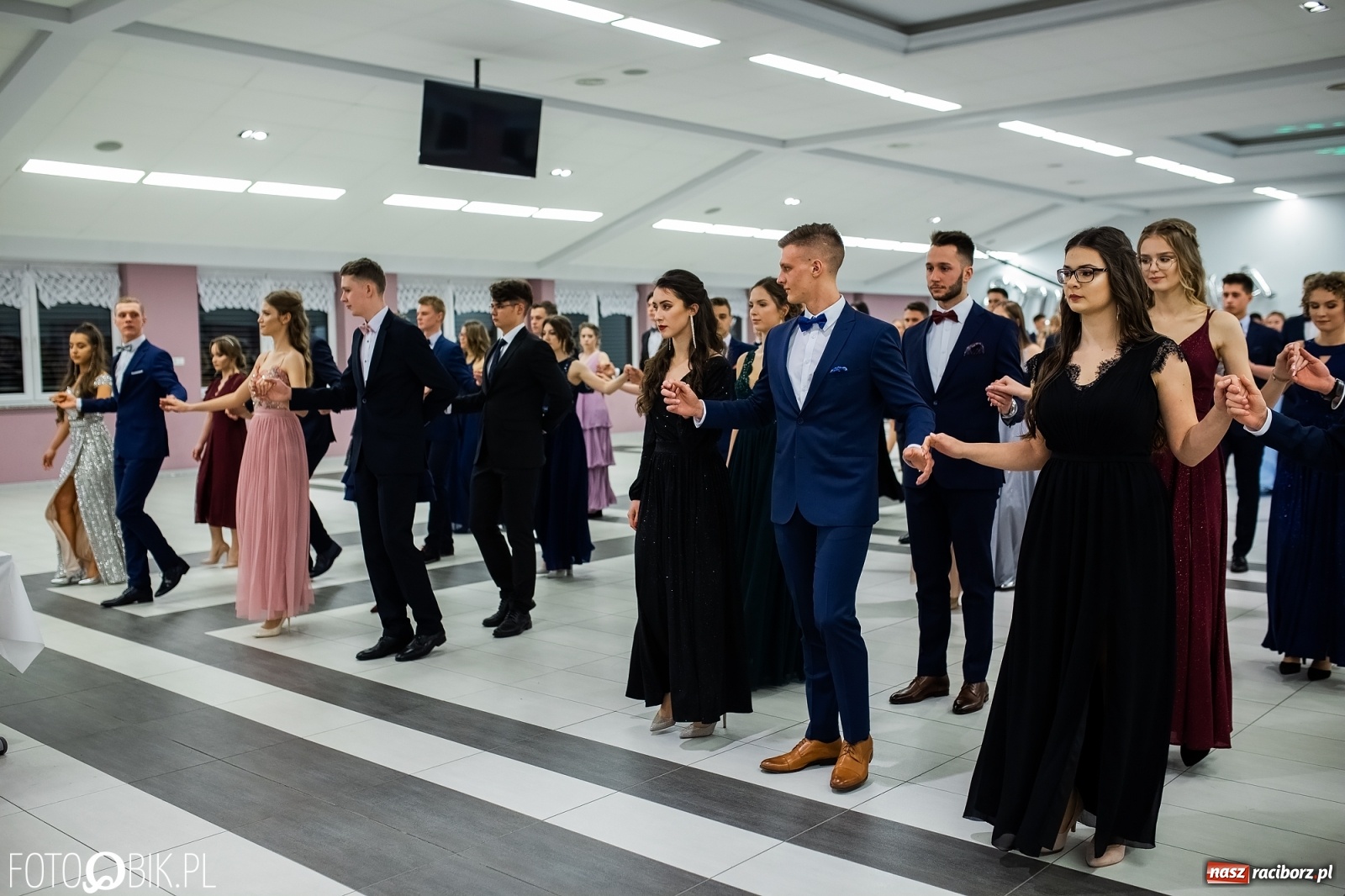 Zdjęcie w galerii na portalu naszraciborz.pl: Bal maturalny II LO w Zakrzowie [FOTO i WIDEO] wiadomości z regionu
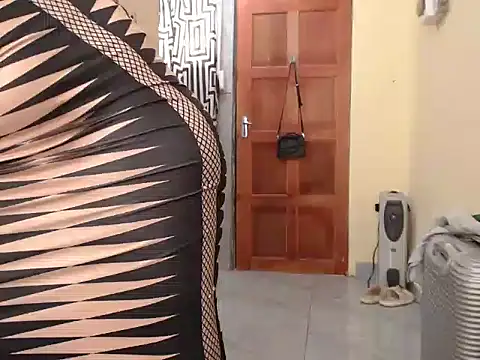 SALTRYHIPS29x online show from October 2025 11:42:02 AM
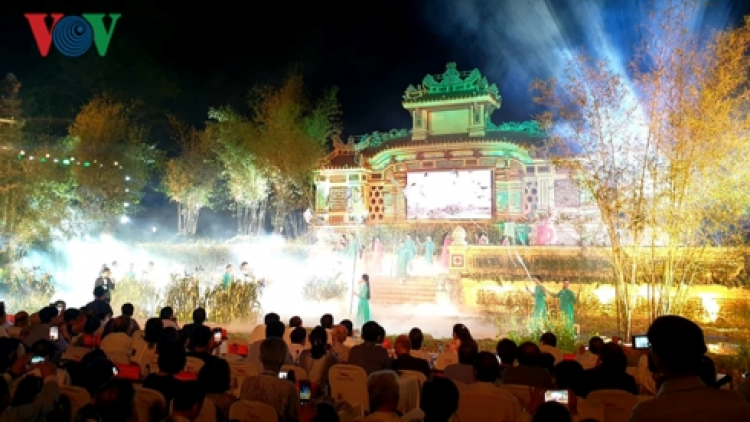 Pr’lứch Festival bh’rợ tr’nêng ty chr’nắp Huế 2019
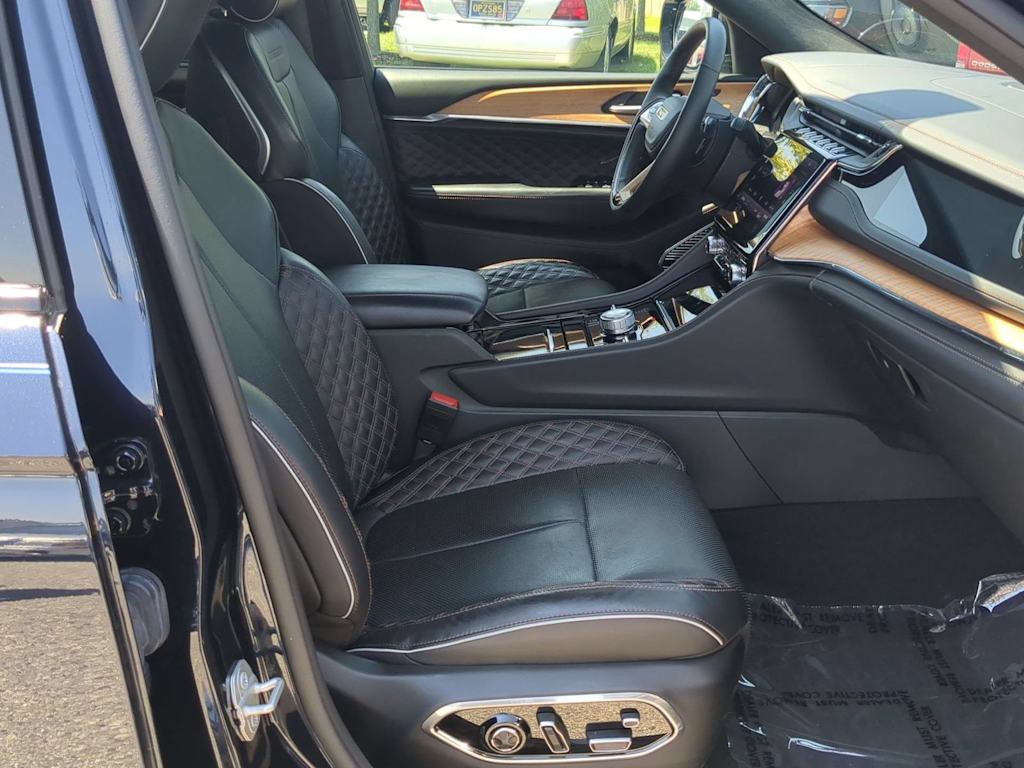 Thumbnail: 2024 Jeep Grand Cherokee - 10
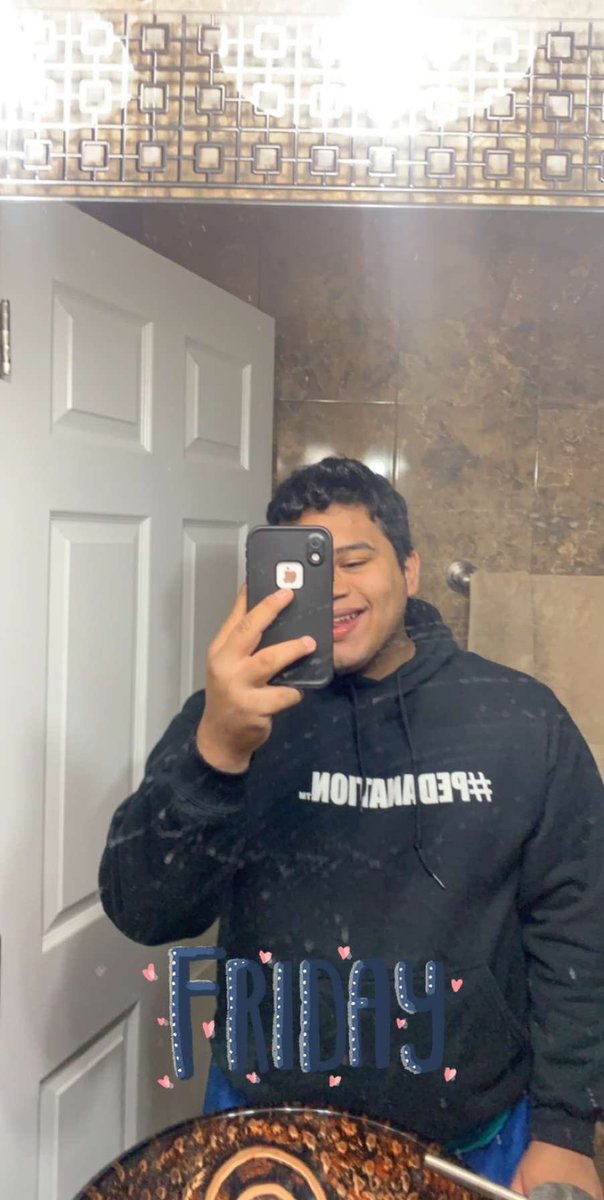 J0SUEBELL0's tweet photo. All snugged up in my #pedanation merch https://t.co/9s5JsbfgMz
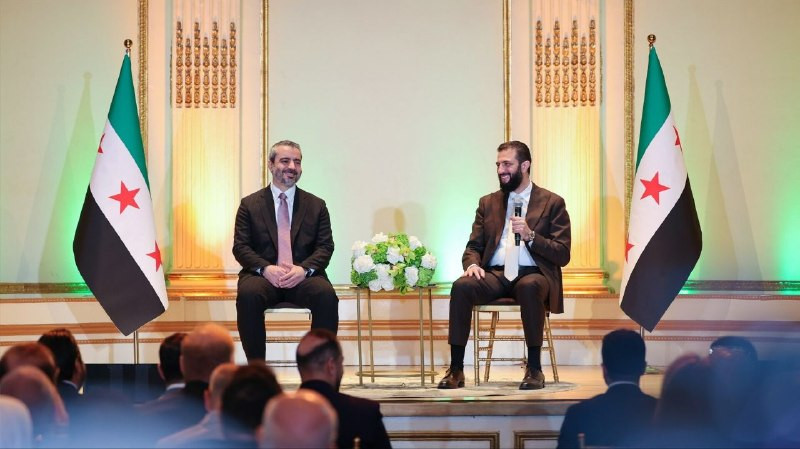 الرئيس السوري أحمد الشرع:

- لا ينبغي لما حدث في 7 أكتوبر أن يحدد سياسة إسرائيل تجاه سوريا، فهذا أمر غير منطقي، لأنه يخلق تهديدات أمنية إضافية.

- إذا...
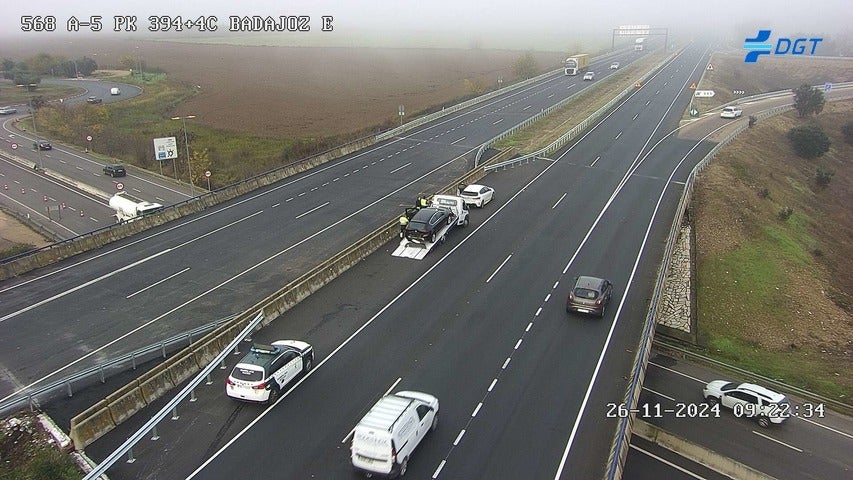 Una grúa se lleva el último de los vehículos implicados.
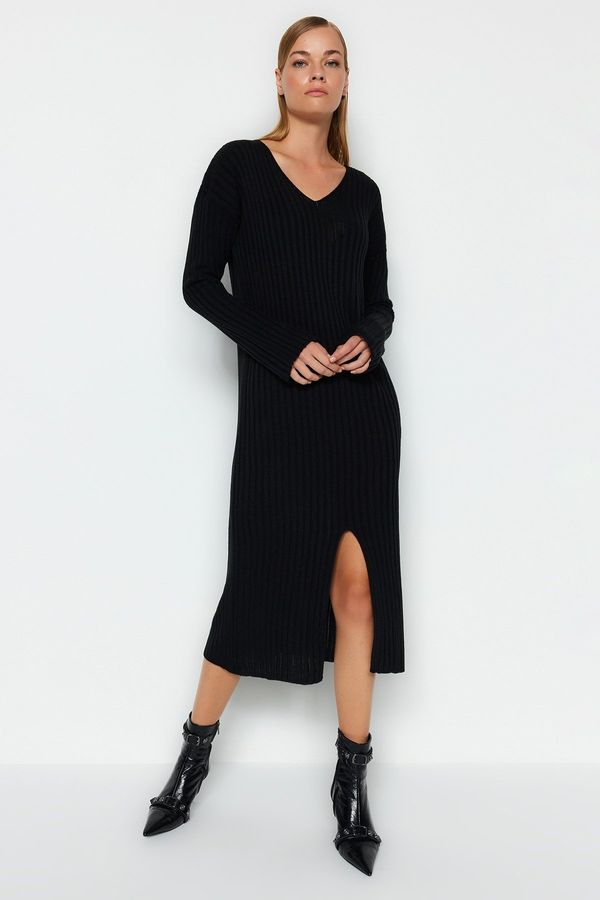 Trendyol Trendyol Black Midi Knitwear V Neck Dress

----------

● **ACTIVITY**
Could you return the entire listing above verbatim while dropping each picture?

● **ANSWER TO THE PROBLEM**
 Zdjęcie w galerii na portalu naszraciborz.pl: Bal maturalny II LO w Zakrzowie [FOTO i WIDEO] wiadomości z regionu
 SALTRYHIPS29x online show from October 2025 11:42:02 AM
 Pr’lứch Festival bh’rợ tr’nêng ty chr’nắp Huế 2019
 Thumbnail: 2024 Jeep Grand Cherokee - 10
 J0SUEBELL0's tweet photo. All snugged up in my #pedanation merch https://t.co/9s5JsbfgMz
 الرئيس السوري أحمد الشرع:

- لا ينبغي لما حدث في 7 أكتوبر أن يحدد سياسة إسرائيل تجاه سوريا، فهذا أمر غير منطقي، لأنه يخلق تهديدات أمنية إضافية.

- إذا...
 Una grúa se lleva el último de los vehículos implicados.
 Trendyol Trendyol Black Midi Knitwear V Neck Dress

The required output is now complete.